(Entries taken from a collection)
++++++
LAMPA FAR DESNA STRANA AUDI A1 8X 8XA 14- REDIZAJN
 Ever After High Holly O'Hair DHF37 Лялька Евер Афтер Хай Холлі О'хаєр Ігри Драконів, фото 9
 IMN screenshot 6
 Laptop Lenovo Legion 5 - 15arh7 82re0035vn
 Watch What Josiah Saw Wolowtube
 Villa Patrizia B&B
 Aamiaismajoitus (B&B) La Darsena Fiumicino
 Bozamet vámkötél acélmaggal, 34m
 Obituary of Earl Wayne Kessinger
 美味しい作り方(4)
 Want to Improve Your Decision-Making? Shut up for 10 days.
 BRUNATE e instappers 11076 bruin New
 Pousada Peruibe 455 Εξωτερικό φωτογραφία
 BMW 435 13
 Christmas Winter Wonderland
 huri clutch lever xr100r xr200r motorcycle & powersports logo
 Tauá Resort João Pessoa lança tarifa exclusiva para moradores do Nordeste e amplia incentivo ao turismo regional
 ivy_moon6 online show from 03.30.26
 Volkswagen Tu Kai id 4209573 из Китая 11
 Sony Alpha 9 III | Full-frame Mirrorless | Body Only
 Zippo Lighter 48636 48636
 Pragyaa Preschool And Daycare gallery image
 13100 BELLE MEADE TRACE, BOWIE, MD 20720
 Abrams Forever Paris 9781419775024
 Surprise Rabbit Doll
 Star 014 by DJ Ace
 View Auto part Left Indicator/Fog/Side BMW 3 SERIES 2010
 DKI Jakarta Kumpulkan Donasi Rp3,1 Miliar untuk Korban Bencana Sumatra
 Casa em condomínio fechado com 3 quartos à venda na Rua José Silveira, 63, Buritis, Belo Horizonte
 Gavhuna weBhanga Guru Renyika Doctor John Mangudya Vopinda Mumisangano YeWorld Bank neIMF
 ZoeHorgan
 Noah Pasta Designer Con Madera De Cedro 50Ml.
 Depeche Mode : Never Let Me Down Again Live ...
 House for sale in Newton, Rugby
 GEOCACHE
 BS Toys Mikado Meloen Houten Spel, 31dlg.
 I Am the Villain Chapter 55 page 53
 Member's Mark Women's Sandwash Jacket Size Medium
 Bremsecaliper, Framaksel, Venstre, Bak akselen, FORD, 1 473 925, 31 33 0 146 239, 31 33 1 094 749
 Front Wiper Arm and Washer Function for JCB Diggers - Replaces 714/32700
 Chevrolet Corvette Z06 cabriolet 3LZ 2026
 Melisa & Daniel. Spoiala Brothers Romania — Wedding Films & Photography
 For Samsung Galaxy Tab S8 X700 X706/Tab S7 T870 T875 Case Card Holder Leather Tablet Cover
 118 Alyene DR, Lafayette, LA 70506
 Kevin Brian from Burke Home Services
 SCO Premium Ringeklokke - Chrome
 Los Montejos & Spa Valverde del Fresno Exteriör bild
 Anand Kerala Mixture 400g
++++++
PROBLEM - Write the lines out verbatim, from the one with "Kevin Brian from Burke Home Services" through the last line of the entries, and stop there.

RESULT OF THE EXERCISE -
 Kevin Brian from Burke Home Services
 SCO Premium Ringeklokke - Chrome
 Los Montejos & Spa Valverde del Fresno Exteriör bild
 Anand Kerala Mixture 400g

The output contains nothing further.